=== Begin Enclosure ===
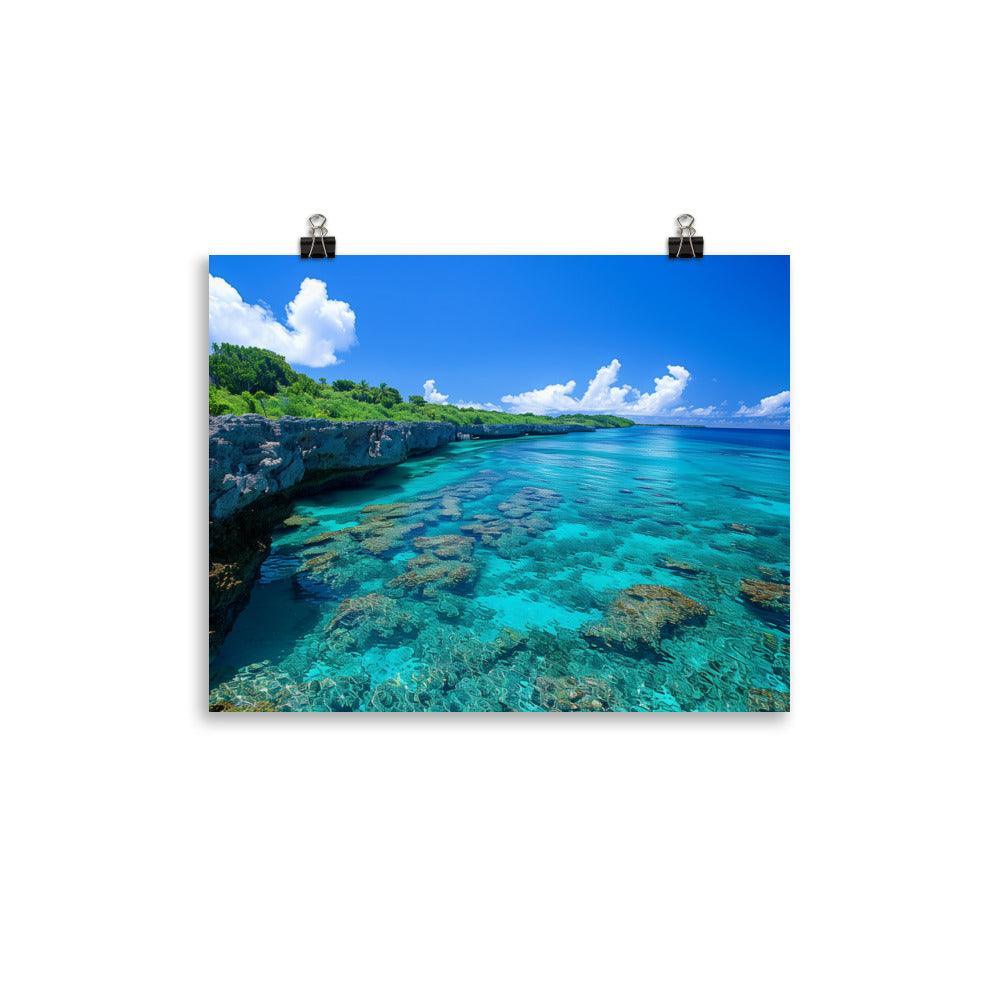 Nauru Coral Reef Crystal Waters Scenic Poster - Oh Posters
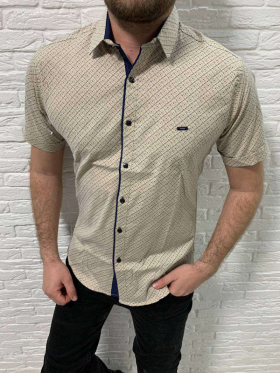 No Brand S1158 beige (лето) рубашка мужские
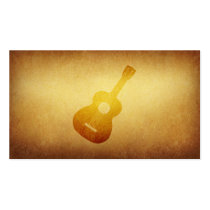Carte de visite empaqueté de musicien de guitare d cartes de visite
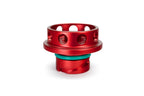 HPS Performance Billet Aluminum Engine Oil Filler Cap, Red, 5269-111R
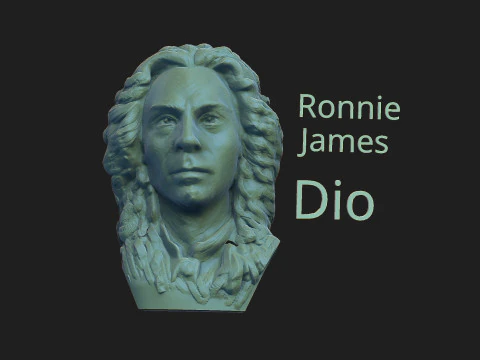 Ronnie James Dio 3D Print Model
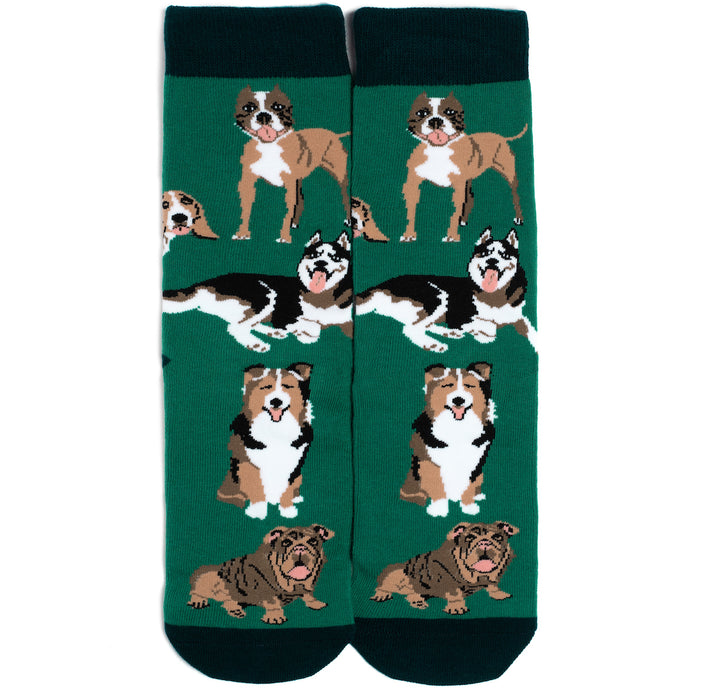 I'd Rather Be With My Dog Socks (Green)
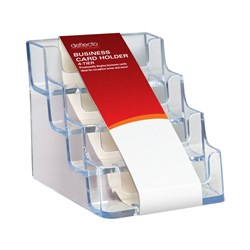  Deflecto Business Card Holder 4 Tiers Landscape 0 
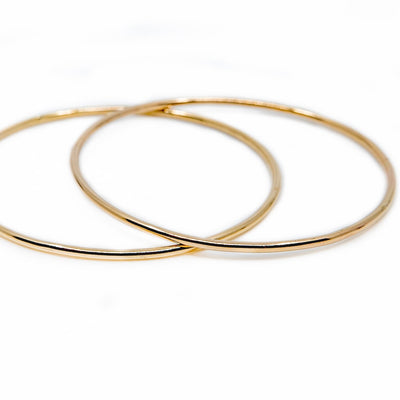Lux Gold bespoke handmade Stacking Bangle | SilverBoo Jewellery, Lincolnshire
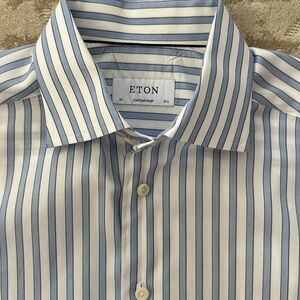 Eton made in Romania- 15.5 contemporary fit - like new!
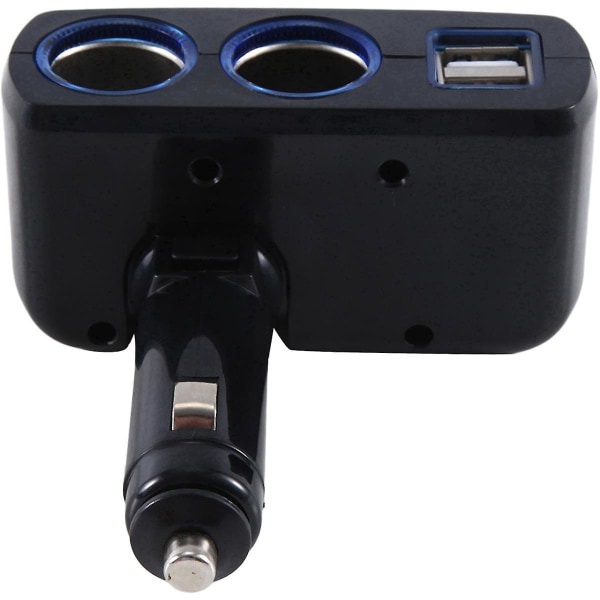 Sd-1918 Lighter One Point Two Points Appliance Dual Usb Car Charger Multifunctional Car Charger,bla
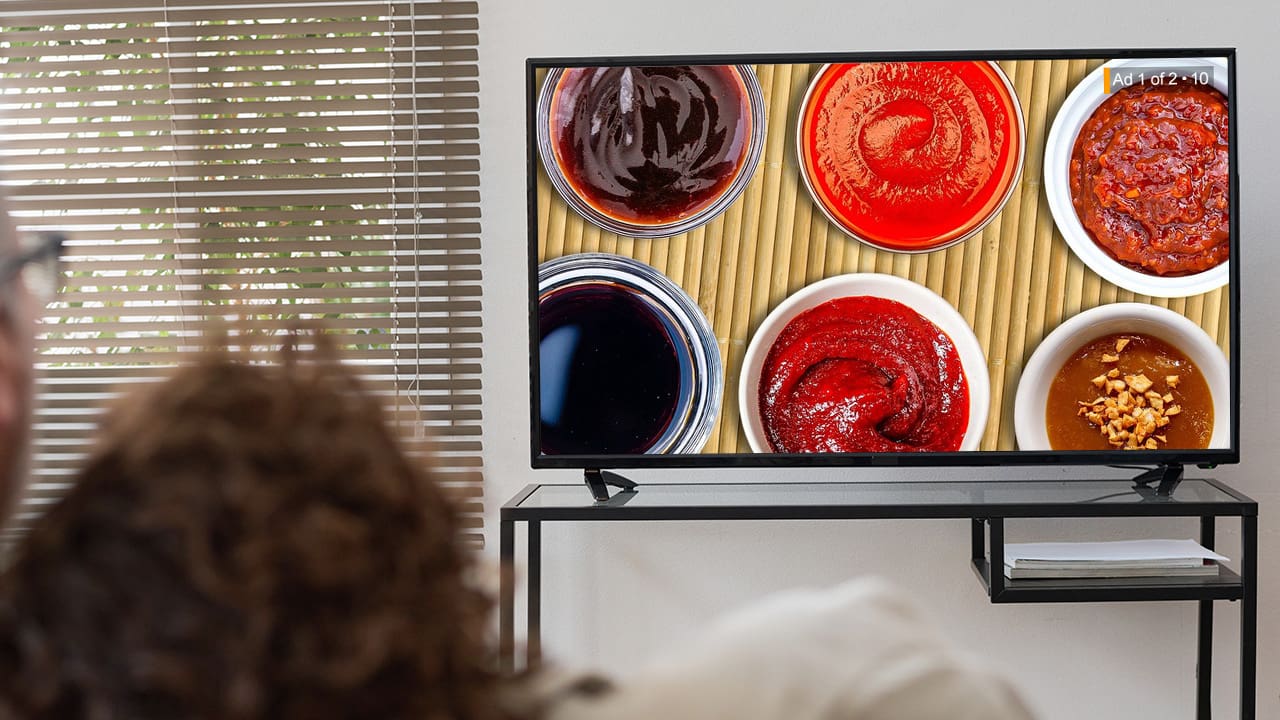 Oriental sauces - Contextual CTV reach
=== End Enclosure ===
Your goal: Your task is to retype the lines running from the one that contains "Sd-1918 Lighter One" through the end of the records, and nothing else. Pictures are not part of the copy.

Solution:
 Sd-1918 Lighter One Point Two Points Appliance Dual Usb Car Charger Multifunctional Car Charger,bla
 Oriental sauces - Contextual CTV reach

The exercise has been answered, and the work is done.